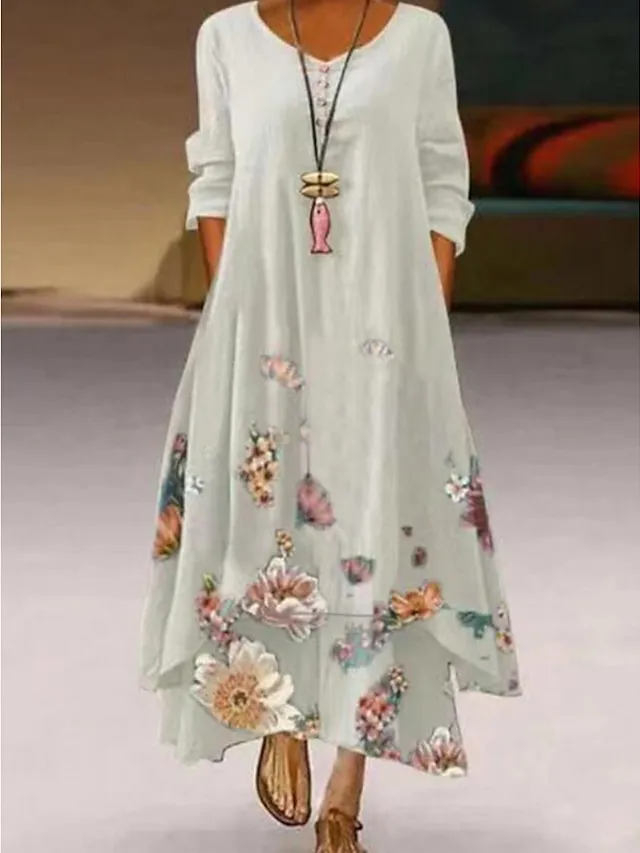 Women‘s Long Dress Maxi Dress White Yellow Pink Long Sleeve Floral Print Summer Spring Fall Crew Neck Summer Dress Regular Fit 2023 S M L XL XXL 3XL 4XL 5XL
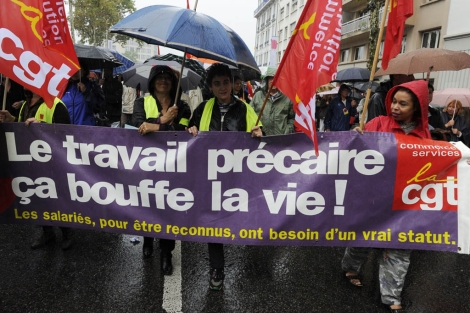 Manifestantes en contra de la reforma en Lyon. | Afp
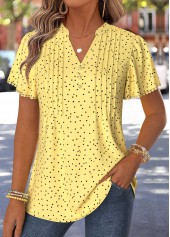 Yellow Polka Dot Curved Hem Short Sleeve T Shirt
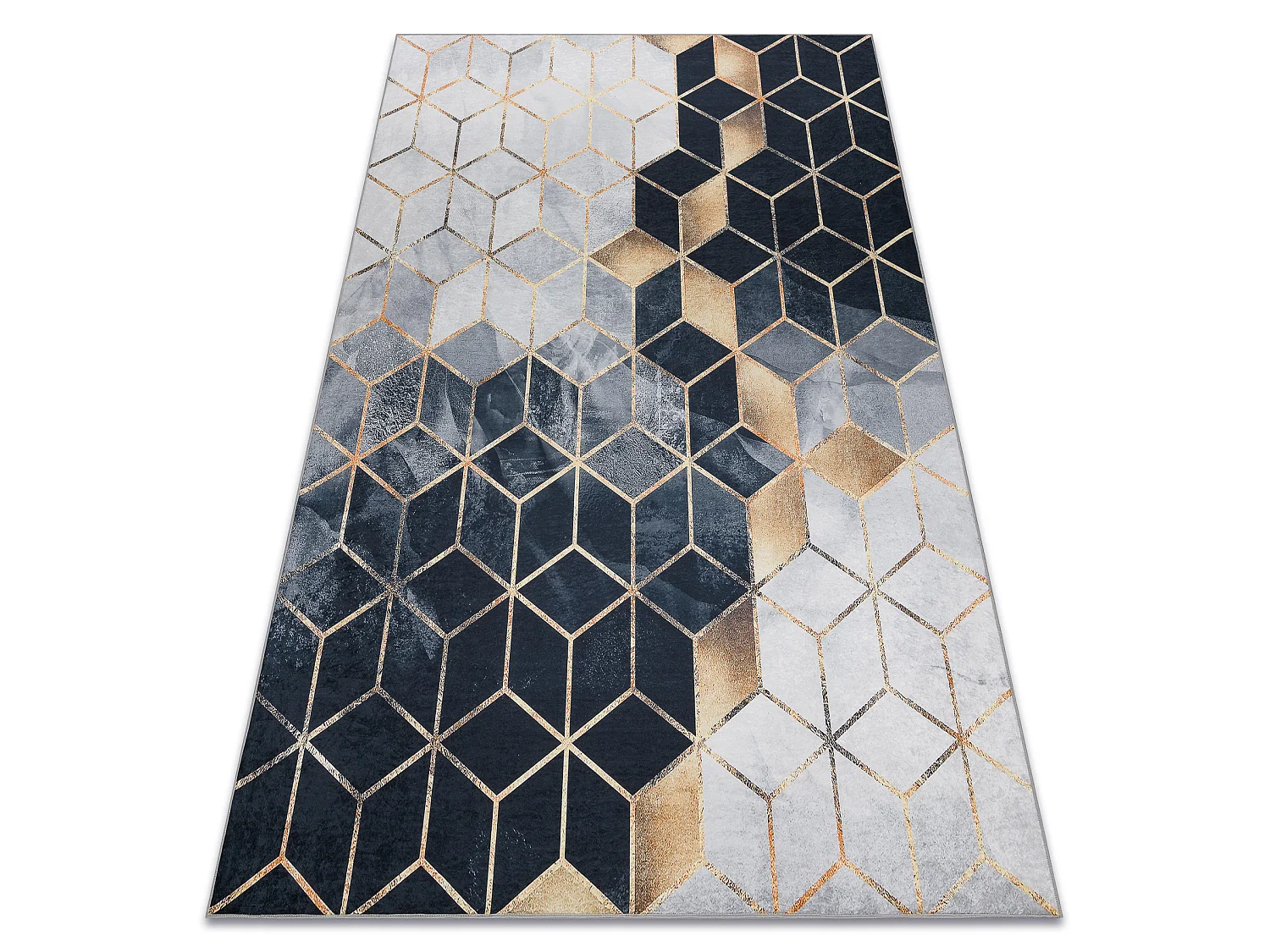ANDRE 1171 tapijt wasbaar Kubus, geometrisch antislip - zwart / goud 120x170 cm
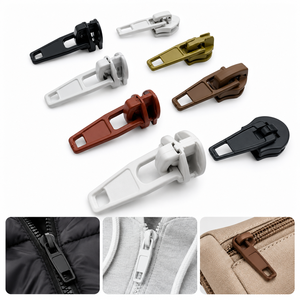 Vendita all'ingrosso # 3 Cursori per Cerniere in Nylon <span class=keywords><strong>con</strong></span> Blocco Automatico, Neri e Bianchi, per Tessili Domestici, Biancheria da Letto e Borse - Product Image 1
★ ★ ★ ★ ★ ★ ★
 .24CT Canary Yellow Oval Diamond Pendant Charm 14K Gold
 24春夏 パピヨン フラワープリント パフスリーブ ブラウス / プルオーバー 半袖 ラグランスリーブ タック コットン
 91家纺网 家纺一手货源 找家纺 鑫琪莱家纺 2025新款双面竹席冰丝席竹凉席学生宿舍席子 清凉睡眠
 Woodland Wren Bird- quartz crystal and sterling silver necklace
★ ★ ★ ★ ★ ★ ★
→ **Directions for this task**: Set down exactly the lines above, from the line containing "Women‘s Long Dress" through the line containing "Manifestantes en contra". Skip the pictures.

→ **Answer to the problem**:
 Women‘s Long Dress Maxi Dress White Yellow Pink Long Sleeve Floral Print Summer Spring Fall Crew Neck Summer Dress Regular Fit 2023 S M L XL XXL 3XL 4XL 5XL
 Manifestantes en contra de la reforma en Lyon. | Afp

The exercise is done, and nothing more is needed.